To do — Below are records with pictures. Transcribe exactly, and only, the lines from the line with "An outdoor patio" to the line with "bathroom featuring vanity and a shower", both ends included, but not the pictures.

Dataset entries —
BEGIN

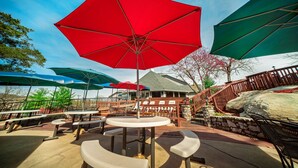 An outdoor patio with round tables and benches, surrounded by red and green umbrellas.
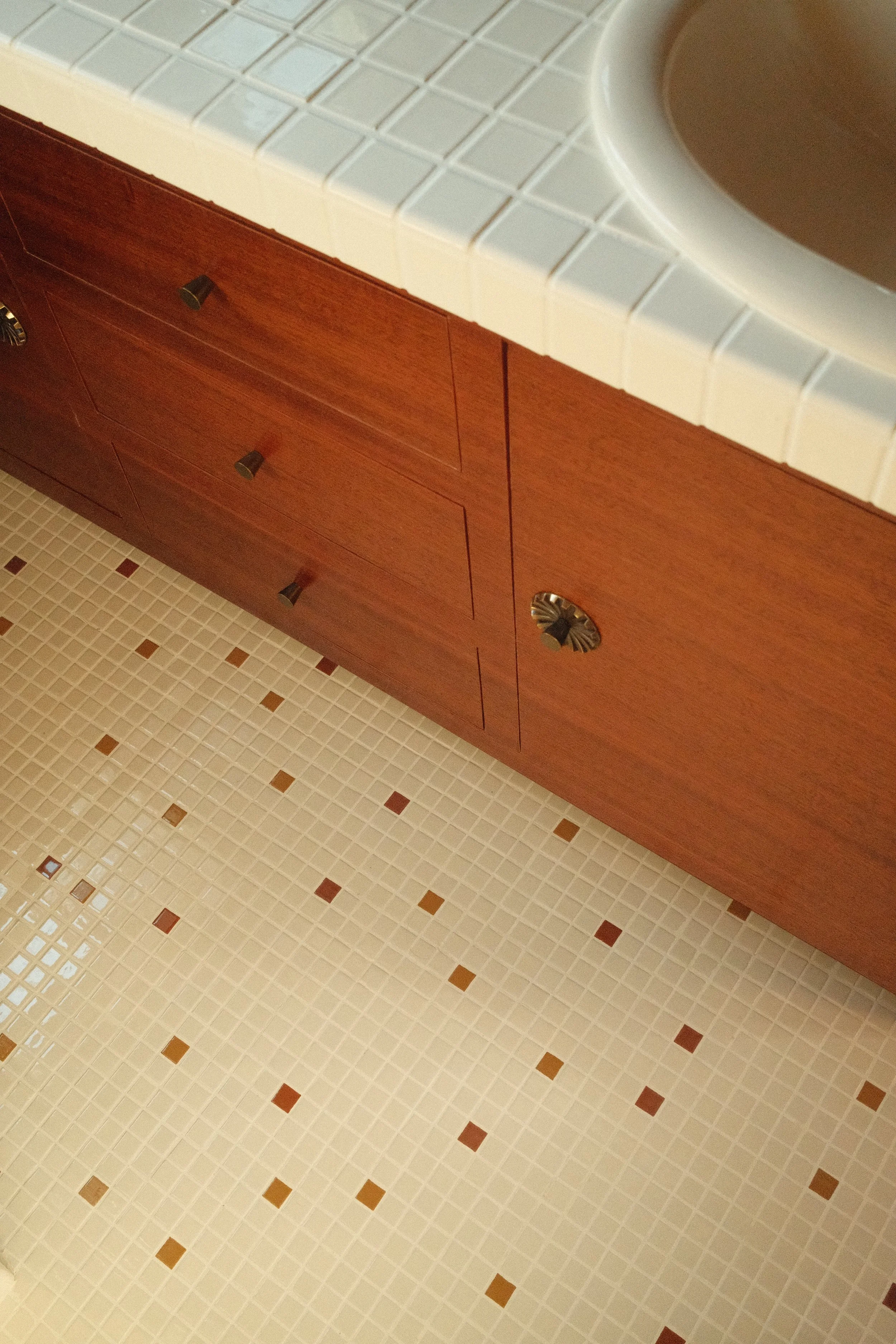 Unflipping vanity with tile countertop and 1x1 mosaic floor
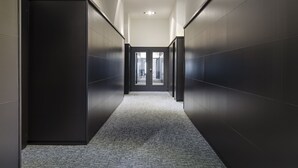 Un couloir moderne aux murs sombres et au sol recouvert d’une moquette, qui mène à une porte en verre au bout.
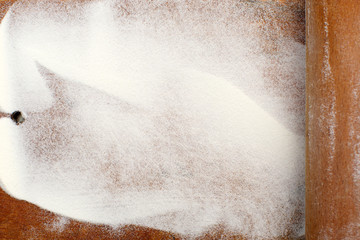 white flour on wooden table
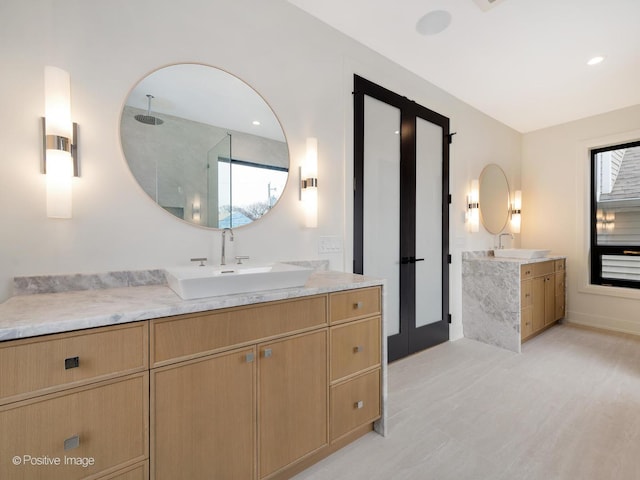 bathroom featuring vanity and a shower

END
BEGIN

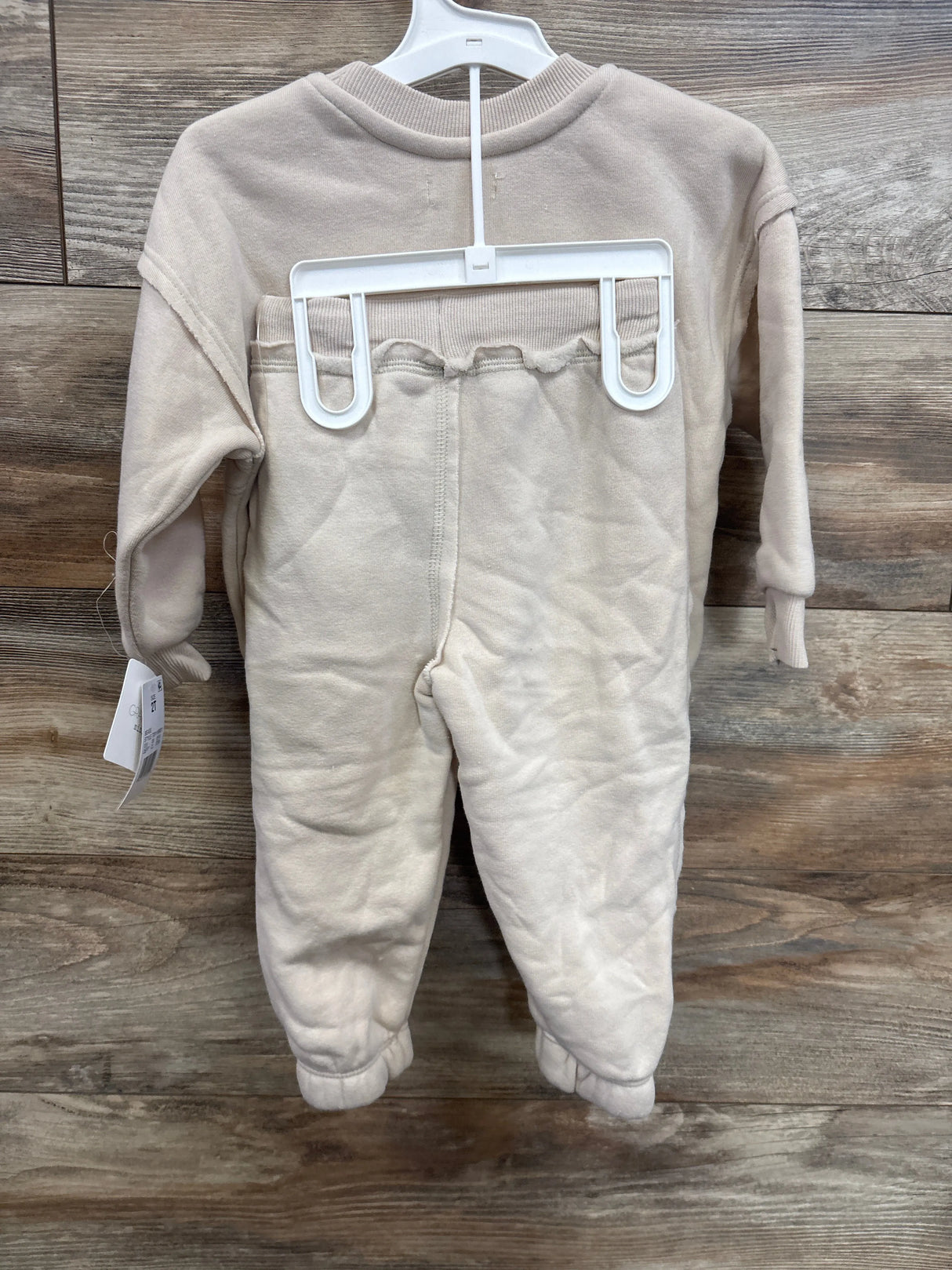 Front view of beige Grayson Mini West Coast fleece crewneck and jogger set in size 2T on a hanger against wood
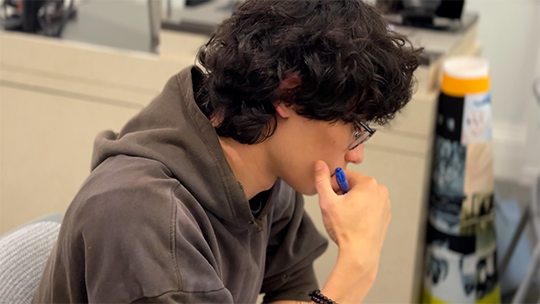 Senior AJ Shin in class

END
BEGIN

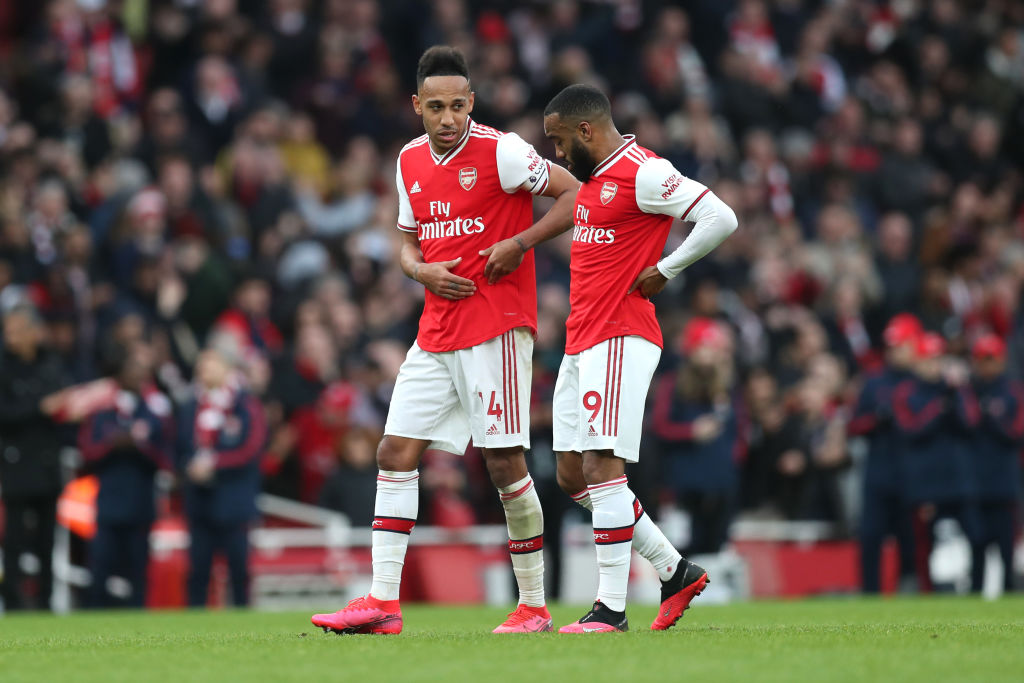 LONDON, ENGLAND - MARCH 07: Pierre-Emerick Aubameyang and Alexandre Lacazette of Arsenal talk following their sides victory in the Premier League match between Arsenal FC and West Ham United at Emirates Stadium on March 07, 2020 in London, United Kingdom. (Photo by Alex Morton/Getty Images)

END

Response to this task —
 An outdoor patio with round tables and benches, surrounded by red and green umbrellas.
 Unflipping vanity with tile countertop and 1x1 mosaic floor
 Un couloir moderne aux murs sombres et au sol recouvert d’une moquette, qui mène à une porte en verre au bout.
 white flour on wooden table
 bathroom featuring vanity and a shower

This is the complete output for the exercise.